The good news: California’s initiative load for this fall is lighter by one, now that Gov. Jerry Brown and the California Federation of Teachers cut a deal have agreed to merge their respective tax-hike measures.

The bad news: Californians will still have to endure a hard sell on higher taxes, its state leaders the while failing to address larger problems having to do with government spending and unreliable revenue streams.

First, some background on what’s going on at the ballot box.

Earlier this month, Californians were looking at the prospect of not one but three tax initiatives this fall. Brown’s plan was a half-cent increase of the state tax for four years, beginning in January, plus a higher income tax for five years on those Californians earning over $250,000 annually.

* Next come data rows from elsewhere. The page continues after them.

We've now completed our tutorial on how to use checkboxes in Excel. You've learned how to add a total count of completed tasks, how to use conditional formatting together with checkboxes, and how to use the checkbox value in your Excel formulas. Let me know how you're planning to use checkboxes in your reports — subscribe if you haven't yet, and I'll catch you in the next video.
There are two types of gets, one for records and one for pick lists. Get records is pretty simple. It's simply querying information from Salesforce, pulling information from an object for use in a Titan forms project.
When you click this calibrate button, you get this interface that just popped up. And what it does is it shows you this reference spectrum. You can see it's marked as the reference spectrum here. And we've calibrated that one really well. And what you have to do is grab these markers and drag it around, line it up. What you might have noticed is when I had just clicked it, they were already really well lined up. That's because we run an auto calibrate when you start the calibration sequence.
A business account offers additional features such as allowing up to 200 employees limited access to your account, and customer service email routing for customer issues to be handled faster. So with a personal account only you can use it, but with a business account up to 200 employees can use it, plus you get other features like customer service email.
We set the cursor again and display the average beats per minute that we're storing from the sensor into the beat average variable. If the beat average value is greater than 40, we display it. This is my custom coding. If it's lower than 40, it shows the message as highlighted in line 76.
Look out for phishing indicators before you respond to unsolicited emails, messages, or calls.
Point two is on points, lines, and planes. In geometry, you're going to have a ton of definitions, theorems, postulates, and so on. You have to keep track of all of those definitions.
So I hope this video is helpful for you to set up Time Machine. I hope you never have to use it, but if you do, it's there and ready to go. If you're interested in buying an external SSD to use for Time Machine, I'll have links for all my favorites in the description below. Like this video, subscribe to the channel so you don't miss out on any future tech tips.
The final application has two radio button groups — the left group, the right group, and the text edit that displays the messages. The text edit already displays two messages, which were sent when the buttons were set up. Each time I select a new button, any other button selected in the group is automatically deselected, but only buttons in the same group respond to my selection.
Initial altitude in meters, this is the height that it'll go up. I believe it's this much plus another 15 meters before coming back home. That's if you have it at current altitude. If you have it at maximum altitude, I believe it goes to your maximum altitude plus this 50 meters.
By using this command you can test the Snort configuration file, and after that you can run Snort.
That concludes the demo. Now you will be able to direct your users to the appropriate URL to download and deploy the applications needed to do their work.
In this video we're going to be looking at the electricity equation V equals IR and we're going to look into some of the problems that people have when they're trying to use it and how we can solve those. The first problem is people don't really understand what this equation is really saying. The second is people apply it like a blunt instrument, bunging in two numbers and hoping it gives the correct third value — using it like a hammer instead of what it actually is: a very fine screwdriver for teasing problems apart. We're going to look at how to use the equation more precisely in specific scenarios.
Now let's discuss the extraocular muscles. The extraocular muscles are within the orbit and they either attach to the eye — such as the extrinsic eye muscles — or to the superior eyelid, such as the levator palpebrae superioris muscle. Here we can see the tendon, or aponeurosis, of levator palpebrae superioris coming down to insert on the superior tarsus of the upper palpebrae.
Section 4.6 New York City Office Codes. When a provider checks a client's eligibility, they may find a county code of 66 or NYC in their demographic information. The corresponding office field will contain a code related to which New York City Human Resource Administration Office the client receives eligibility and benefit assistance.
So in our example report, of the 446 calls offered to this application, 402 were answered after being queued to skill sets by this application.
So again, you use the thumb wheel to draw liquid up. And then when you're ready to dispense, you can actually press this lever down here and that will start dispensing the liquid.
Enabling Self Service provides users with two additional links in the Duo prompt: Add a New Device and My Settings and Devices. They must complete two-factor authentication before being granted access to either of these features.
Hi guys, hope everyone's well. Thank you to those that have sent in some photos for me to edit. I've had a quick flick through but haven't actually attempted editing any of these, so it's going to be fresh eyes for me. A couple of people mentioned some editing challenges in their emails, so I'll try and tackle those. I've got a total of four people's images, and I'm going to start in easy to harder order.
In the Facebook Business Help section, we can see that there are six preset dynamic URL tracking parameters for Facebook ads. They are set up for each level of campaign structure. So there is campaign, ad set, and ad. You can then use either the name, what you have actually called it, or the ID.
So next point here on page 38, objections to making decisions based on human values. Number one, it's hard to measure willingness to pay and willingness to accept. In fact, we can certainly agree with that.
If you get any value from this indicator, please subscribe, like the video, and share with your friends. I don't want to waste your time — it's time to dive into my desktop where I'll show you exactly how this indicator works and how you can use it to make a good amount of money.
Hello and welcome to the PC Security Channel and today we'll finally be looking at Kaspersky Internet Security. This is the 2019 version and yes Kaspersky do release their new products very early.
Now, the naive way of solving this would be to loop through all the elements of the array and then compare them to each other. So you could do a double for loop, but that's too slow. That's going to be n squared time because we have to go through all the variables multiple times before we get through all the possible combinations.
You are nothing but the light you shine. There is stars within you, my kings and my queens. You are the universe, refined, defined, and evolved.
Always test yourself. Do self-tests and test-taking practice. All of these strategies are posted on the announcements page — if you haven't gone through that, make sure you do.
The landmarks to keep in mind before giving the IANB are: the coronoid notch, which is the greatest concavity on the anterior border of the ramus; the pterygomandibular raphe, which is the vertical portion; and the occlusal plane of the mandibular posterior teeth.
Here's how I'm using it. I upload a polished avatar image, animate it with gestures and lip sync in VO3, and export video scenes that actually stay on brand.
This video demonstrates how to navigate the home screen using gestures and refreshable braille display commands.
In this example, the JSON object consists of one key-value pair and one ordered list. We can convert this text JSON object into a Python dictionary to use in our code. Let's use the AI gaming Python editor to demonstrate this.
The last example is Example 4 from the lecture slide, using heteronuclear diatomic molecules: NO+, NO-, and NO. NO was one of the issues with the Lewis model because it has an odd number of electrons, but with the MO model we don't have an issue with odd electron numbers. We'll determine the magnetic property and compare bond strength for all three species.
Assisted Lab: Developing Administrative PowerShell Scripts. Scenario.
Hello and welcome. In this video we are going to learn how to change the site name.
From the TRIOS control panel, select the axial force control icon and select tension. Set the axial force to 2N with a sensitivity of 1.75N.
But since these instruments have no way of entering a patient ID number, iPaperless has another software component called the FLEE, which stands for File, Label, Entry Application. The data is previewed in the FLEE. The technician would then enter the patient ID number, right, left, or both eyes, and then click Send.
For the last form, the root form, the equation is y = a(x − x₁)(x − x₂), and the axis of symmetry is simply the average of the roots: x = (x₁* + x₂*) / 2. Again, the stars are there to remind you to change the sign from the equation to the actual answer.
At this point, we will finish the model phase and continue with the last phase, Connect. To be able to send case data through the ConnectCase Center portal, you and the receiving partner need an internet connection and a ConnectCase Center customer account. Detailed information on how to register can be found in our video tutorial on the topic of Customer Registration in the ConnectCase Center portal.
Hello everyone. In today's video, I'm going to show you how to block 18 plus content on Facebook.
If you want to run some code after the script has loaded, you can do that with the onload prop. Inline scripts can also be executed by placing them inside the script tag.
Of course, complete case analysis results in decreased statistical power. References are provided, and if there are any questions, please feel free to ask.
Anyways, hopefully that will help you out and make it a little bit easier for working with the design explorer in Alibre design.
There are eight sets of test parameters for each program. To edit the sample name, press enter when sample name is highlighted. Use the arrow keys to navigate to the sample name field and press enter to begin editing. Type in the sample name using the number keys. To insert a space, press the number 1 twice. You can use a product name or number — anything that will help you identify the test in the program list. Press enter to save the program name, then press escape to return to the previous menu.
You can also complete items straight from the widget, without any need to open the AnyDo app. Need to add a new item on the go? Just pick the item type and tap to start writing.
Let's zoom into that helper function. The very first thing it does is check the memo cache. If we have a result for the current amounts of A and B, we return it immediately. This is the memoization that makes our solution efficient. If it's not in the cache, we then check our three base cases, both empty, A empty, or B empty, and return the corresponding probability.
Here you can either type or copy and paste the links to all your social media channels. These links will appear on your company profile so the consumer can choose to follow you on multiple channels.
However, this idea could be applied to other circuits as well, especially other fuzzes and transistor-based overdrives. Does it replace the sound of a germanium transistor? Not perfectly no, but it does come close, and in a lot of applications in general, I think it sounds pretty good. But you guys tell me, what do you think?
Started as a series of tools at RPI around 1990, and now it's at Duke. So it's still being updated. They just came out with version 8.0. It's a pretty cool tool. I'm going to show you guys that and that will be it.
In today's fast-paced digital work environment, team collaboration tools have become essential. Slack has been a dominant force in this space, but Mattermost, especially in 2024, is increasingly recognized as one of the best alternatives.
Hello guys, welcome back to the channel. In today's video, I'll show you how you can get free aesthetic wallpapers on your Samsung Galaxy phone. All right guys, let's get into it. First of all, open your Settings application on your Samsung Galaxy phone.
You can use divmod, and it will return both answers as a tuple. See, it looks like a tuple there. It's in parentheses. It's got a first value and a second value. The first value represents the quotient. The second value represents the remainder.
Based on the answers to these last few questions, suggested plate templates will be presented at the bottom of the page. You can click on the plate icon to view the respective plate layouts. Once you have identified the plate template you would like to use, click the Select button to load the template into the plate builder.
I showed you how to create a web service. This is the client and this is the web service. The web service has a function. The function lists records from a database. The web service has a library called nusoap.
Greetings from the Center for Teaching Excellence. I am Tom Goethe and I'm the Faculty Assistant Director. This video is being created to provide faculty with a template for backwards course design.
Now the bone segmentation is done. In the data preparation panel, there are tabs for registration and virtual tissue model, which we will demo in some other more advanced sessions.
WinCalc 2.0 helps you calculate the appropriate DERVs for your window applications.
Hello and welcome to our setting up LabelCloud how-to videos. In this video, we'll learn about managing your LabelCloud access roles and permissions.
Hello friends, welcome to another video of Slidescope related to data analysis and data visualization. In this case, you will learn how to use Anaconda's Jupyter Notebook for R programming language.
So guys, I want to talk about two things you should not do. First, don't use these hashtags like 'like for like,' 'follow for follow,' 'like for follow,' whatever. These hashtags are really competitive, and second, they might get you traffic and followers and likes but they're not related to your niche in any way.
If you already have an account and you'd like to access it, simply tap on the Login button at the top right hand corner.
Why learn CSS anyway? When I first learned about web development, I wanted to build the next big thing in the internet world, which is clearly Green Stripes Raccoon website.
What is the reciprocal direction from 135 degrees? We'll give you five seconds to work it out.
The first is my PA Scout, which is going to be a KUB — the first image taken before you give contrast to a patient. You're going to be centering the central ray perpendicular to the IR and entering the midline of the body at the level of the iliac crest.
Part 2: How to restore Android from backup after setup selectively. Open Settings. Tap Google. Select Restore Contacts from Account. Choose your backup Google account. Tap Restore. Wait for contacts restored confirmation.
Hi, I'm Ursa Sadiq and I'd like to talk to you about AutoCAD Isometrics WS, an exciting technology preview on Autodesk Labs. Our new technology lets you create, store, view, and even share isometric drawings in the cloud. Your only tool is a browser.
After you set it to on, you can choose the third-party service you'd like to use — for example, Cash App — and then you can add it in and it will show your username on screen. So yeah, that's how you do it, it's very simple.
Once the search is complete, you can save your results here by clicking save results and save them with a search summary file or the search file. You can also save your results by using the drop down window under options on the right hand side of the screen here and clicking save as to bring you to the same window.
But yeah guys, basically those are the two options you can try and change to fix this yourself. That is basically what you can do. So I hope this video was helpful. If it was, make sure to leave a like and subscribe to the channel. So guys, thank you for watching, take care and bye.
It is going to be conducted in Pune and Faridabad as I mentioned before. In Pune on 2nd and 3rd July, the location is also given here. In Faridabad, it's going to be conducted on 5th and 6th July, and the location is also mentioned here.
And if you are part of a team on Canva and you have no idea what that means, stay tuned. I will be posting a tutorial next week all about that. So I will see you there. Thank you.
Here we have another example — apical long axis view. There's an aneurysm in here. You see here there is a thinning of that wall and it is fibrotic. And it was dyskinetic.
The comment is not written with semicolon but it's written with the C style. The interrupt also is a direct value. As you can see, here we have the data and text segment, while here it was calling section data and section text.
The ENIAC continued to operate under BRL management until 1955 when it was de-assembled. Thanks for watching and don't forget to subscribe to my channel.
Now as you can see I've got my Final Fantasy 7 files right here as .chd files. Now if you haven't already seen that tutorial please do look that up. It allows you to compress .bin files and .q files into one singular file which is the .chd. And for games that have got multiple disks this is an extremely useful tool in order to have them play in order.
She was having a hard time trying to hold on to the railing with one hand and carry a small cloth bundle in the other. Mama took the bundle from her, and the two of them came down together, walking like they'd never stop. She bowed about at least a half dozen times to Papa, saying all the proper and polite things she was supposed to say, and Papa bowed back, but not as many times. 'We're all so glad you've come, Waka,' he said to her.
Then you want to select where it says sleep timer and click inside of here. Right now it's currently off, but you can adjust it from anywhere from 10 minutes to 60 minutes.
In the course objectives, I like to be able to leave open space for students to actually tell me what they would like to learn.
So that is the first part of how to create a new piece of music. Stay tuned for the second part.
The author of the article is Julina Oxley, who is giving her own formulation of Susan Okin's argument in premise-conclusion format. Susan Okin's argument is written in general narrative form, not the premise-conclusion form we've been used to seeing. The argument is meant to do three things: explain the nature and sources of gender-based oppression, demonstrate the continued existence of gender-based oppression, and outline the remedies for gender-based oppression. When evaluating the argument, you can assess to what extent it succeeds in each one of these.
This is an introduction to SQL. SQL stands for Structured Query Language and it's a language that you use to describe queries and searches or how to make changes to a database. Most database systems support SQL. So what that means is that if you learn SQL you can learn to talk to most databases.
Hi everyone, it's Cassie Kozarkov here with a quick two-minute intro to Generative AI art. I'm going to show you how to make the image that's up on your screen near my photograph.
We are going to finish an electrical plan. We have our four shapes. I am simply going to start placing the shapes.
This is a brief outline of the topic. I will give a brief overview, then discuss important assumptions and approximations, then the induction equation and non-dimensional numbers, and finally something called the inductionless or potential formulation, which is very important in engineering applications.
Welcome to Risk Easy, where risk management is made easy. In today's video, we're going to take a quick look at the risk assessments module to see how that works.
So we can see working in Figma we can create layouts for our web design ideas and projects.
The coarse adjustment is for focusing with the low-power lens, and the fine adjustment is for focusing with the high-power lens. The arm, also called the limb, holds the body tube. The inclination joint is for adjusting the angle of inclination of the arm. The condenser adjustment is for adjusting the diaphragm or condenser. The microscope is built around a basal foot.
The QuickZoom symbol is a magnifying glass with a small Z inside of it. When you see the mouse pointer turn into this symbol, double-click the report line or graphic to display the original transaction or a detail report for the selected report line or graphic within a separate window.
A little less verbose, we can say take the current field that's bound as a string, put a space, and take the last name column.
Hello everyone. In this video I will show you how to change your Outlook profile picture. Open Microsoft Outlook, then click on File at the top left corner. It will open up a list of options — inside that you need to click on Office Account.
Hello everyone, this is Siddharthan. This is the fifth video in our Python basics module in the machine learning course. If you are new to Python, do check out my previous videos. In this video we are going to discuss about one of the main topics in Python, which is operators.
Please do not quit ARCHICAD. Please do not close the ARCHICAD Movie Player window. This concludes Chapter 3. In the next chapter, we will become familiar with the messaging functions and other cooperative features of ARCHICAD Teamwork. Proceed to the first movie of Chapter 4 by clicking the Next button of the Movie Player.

The governor’s pitch: it’s temporary; it’s shared pain. However, voters weren’t all that enthused.

The second option, courtesy of CFT (the lesser of California’s two big teachers’ unions): permanently raise taxes on California’s millionaire earners.

CFT’s pitch: soak the 1% -- voters liking the sound of that, more so than Brown’s initiative.

The third tax option, courtesy of Pasadena attorney Molly Munger (her billionaire father is Warren Buffett’s partner at Berkshire Hathaway; her half-brother quarterbacked California’s redistricting reform movement): raise everyone’s income tax by 1% (assuming you make more than $7,316 a year), with the entire $10 billion in annual revenue dedicated exclusively to K-12 and early childhood education programs.

Munger’s pitch: with California now $2,580 below the national average in per-student spending, it’s time to give Golden State schools a serious cash infusion.

The problem is, Munger’s initiative is box-office poison – only 45% support in last month’s Field Poll (as a rule of thumb, an initiative that starts at 60% or better is destined to fail). Moreover, the combined weight of all three measures, coming at recession-weary voters all at once, threatened to doom to defeat this November.

Thus Brown’s move to merge his initiative with the teachers’ union (details here) – and hope that Munger has a change of heart, even though she kicked in another $1.5 million to her campaign the deal after the governor announced his deal.

All of which tells of three things about California’s current state of affairs.

  1. Can Jerry Close? If you want to watch a movie to better understand the inner workings of a California governor, start with Glengarry Glen Ross – specifically, the part having to with “always be closing”. Last year, Jerry Brown tried to cut a tax deal with legislative Republicans. They didn’t buy it – in part, because of rigid ideology; in part, because he couldn’t close. This year, it’s safe to assume he tried (however he could) to get Molly Munger to abandon her initiative. Though the governor did reach a settlement with the teachers, Munger was another matter. Those dealings were behind closed doors. This fall, assuming his new measure qualifies (courtesy of some expensive signature-gathering), Brown has to close in a new venue – the court of public opinion – and the toughest jury of all: the persnickety California voter.
  2. The Power of Checkbook Democracy. Last year, billionaire hedge fund manager Tom Steyer floated the idea of raising taxes on California businesses, in part to fund clean-energy. This year, it’s Munger and her obsession with classroom. What they and a longer list of Californians have in common: (a) a desire to do good; (b) the personal resources to make good on that desire; (3) the threat of making a further mess of California’s already jumbled finances by reallocating money in a way that sounds humane but isn’t fiscally sound. Should Munger not only go through with her initiative but get it passed, let’s see if she also sparks talk of reforming California’s initiative process so as to build a firewall between naïve voters and mischief-making millionaires.
  3. Everyone Talks About the Weather Reliable Revenue, No One Does Anything About It. Getting back to the Brown-CFT measure: if it passes, does it solve the long-term problems with California’s financial structure? Not even close. It’s a Band-Aid, plain and simple. I defer to my Hoover colleagues, Michael Boskin and John Cogan, and what they describe as “California’s Greek Tragedy” – an underperforming economy; a spending bill that’s come due. They know of what they speak: the two economists were members of the state’s Commission on the 21st Century Economy, which back in September 2009 offered this blueprint for revenue stability and long-term economic growth and competitiveness.

That plan was considered too bold for California and never moved forward.